%3Ci%3EGuinness+Cup+2013%3C%2Fi%3E%3A+Inter-Juventus+10-9+%28d.c.r.%29%2C+le+pagelle
spaziointerit
/2013/08/07/guinness_cup_2013_inter_vs_juventus_pagelle/amp/

Guinness Cup 2013: Inter-Juventus 10-9 (d.c.r.), le pagelle

Handanovic 6 – Poco impegnato dagli attaccanti della Juve, ma sempre affidabile quando viene chiamato in causa.

dal 46′ Carrizo 7 – Bravo a stoppare il colpo di tacco ravvicinato di Marchisio, decisivo ai rigori quando ipnotizza Isla e firma la vittoria nerazzurra siglando l’ultimo penalty.

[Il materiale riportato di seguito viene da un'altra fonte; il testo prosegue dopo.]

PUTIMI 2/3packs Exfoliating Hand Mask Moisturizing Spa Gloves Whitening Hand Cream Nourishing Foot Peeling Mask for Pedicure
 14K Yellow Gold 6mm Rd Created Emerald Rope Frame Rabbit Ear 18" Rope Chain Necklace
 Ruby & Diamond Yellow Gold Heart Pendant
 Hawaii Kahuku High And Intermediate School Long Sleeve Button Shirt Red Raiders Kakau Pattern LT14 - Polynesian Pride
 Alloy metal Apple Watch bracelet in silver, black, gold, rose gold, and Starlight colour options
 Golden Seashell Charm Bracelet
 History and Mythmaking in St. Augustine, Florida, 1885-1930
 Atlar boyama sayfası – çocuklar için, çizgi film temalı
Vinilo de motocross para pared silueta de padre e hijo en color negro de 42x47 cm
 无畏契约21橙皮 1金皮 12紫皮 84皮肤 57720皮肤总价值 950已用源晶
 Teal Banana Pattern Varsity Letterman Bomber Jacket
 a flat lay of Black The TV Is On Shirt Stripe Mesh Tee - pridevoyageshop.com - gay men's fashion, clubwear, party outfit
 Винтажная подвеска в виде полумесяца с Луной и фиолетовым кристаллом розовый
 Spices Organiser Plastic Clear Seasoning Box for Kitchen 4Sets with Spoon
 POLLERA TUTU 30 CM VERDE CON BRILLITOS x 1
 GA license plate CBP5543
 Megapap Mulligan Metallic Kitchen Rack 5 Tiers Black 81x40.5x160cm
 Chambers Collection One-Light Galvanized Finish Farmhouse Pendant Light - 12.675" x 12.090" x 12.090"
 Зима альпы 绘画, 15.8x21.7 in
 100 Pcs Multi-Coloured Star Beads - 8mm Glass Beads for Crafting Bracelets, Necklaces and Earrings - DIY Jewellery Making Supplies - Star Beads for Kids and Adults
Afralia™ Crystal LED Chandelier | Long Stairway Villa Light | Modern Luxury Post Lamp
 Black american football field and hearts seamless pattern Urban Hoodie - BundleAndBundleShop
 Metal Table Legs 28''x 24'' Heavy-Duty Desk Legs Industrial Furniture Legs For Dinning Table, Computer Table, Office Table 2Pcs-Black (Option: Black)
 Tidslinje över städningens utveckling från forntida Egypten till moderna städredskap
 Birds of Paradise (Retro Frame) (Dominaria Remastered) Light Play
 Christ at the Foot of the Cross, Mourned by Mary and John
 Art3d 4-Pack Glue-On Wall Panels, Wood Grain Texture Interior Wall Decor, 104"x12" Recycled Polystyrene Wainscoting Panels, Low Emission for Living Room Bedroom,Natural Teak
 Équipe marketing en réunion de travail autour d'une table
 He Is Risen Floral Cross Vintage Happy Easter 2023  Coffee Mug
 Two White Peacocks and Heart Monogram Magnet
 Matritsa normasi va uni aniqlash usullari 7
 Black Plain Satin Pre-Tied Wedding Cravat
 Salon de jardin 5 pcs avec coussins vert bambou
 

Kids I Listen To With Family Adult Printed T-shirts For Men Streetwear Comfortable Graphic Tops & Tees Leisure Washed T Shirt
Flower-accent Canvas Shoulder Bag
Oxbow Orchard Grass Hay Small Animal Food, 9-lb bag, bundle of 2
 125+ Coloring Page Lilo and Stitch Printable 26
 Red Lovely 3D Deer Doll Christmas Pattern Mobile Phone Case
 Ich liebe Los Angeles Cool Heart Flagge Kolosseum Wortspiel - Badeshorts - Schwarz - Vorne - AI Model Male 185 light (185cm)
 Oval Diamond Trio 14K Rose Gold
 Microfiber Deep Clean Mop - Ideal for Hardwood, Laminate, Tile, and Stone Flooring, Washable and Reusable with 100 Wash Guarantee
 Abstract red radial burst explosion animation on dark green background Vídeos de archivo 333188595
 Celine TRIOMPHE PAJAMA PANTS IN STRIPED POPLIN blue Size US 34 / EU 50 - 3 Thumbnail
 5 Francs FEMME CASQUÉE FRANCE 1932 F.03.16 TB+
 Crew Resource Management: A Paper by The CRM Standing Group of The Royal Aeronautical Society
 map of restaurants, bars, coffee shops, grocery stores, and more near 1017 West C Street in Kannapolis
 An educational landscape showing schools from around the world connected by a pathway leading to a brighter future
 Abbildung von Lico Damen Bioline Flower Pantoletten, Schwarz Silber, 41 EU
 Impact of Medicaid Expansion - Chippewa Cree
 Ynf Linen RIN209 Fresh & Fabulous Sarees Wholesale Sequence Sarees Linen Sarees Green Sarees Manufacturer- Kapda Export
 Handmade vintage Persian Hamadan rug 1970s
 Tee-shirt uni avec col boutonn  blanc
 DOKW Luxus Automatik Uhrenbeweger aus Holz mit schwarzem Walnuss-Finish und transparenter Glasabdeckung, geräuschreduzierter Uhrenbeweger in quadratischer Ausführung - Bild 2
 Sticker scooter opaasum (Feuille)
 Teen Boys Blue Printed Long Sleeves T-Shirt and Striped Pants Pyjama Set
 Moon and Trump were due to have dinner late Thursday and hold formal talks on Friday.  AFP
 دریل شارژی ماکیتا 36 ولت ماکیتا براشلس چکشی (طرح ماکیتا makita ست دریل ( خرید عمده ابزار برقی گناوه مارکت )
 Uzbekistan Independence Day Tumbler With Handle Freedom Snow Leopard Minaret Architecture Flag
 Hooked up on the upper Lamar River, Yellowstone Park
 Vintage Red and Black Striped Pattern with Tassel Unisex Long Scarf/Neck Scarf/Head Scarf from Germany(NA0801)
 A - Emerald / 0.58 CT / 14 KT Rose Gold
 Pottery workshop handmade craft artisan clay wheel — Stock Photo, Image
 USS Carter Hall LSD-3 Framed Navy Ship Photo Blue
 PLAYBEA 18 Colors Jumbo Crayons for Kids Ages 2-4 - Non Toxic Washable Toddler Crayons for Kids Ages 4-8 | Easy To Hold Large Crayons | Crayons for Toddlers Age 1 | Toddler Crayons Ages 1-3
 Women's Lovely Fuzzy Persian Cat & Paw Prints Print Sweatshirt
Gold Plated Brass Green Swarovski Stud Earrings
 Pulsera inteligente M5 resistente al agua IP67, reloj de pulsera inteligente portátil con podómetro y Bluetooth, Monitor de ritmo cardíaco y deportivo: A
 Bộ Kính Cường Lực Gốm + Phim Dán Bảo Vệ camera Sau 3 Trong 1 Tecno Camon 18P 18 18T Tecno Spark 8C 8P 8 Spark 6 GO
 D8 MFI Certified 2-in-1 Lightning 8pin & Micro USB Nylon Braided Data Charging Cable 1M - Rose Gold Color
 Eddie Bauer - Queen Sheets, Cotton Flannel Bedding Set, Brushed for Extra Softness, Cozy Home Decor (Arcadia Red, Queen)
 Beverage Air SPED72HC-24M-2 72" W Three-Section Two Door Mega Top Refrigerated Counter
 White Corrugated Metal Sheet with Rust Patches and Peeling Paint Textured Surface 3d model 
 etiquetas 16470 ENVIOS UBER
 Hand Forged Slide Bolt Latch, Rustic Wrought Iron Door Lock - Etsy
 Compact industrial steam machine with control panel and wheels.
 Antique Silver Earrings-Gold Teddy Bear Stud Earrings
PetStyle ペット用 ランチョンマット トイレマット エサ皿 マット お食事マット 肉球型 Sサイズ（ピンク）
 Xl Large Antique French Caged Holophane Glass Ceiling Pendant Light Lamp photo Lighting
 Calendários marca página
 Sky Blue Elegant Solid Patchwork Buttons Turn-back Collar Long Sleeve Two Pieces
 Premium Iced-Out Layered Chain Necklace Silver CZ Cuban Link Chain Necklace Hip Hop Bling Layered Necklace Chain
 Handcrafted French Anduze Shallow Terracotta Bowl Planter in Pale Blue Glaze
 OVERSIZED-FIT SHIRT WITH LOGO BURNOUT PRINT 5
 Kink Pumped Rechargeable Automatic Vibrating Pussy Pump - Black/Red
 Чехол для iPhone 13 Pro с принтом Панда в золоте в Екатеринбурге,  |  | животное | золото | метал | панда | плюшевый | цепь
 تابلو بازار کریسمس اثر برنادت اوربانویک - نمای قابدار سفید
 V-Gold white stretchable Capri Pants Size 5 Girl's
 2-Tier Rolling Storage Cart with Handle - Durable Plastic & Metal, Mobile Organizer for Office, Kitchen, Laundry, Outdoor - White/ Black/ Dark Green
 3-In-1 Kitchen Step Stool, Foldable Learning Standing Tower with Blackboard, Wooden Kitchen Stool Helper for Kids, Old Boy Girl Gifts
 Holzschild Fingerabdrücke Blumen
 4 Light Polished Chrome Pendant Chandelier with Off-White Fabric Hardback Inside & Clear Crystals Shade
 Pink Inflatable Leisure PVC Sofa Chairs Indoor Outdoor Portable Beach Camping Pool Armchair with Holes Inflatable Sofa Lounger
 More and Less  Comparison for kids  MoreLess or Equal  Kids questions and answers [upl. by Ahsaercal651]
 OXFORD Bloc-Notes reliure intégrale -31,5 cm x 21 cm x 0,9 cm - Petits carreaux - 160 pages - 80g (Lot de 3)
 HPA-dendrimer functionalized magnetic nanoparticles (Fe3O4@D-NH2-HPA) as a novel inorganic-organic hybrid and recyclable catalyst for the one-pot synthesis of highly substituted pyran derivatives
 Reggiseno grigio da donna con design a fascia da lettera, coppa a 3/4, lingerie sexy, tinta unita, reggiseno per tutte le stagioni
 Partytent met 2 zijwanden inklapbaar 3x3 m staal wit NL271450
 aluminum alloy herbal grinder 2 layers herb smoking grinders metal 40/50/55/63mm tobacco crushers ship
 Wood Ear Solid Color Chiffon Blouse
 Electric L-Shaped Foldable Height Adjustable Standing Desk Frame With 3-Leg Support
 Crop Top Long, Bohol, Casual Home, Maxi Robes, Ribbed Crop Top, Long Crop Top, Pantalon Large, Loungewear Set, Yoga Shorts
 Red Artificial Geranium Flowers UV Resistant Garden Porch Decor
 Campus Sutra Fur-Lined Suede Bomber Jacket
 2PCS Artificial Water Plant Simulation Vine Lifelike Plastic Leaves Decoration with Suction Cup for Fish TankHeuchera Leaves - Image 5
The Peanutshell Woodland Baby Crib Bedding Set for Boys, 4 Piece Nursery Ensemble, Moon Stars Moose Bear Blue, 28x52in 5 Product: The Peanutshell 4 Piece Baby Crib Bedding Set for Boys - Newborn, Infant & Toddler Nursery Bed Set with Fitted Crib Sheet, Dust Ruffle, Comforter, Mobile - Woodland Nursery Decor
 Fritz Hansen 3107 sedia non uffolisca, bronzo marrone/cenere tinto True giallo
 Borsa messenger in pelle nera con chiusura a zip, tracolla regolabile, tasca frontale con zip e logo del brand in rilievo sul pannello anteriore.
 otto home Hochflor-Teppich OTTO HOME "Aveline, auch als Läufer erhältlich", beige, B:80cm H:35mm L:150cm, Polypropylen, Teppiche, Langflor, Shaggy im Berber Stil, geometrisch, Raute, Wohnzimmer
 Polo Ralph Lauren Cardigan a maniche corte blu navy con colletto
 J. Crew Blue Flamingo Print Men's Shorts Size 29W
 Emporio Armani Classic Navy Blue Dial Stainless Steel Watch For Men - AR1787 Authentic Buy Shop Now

Campagnaro 6.5 – Sempre attento in chiusura, limita chiunque tenti di insidiare la sua zona di competenza. Si conferma uno dei migliori di questo precampionato.

Ranocchia 6.5 – In assenza di Samuel, Mazzarri gli dà fiducia al centro della difesa. Andrea non tradisce, offrendo una prestazione che lascia ben sperare per il futuro.

Juan Jesus 5 – Al di là del rigore (quantomeno generoso) concesso dall’arbitro per un presunto fallo su Vucinic, risulta spesso troppo irruento nei suoi interventi.

dal 79′  Andreolli s.v. – Dieci minuti di ordinaria amministrazione. Non fallisce dal dischetto.

Nagatomo 5.5 – Fatica a prendere le misure ad Asamoah. Si limita al compitino dopo l’ingresso di De Ceglie.

dal 79′  Jonathan s.v. – Prova a farsi vedere con più costanza del giapponese nella metà campo avversaria ma ha troppo poco tempo per incidere.

Kuzmanovic 5.5 – Generoso, ma impreciso. Sbaglia in due occasioni un controllo non impossibile che avrebbe potuto metterlo in condizione di far male alla difesa bianconera.

dal 71′  Belfodil 5.5 – Buona intraprendenza, ma gli manca ancora ancora la giusta brillantezza. Prova spesso l’uno contro uno, senza trovare mai lo spunto decisivo. Ha comunque il merito di battere Storari dal dischetto, togliendosi il peso dei due rigori falliti all’esordio.

Cambiasso 6 – Poco presente in fase di impostazione, prezioso in copertura con raddoppi costanti su Tevez e Vucinic.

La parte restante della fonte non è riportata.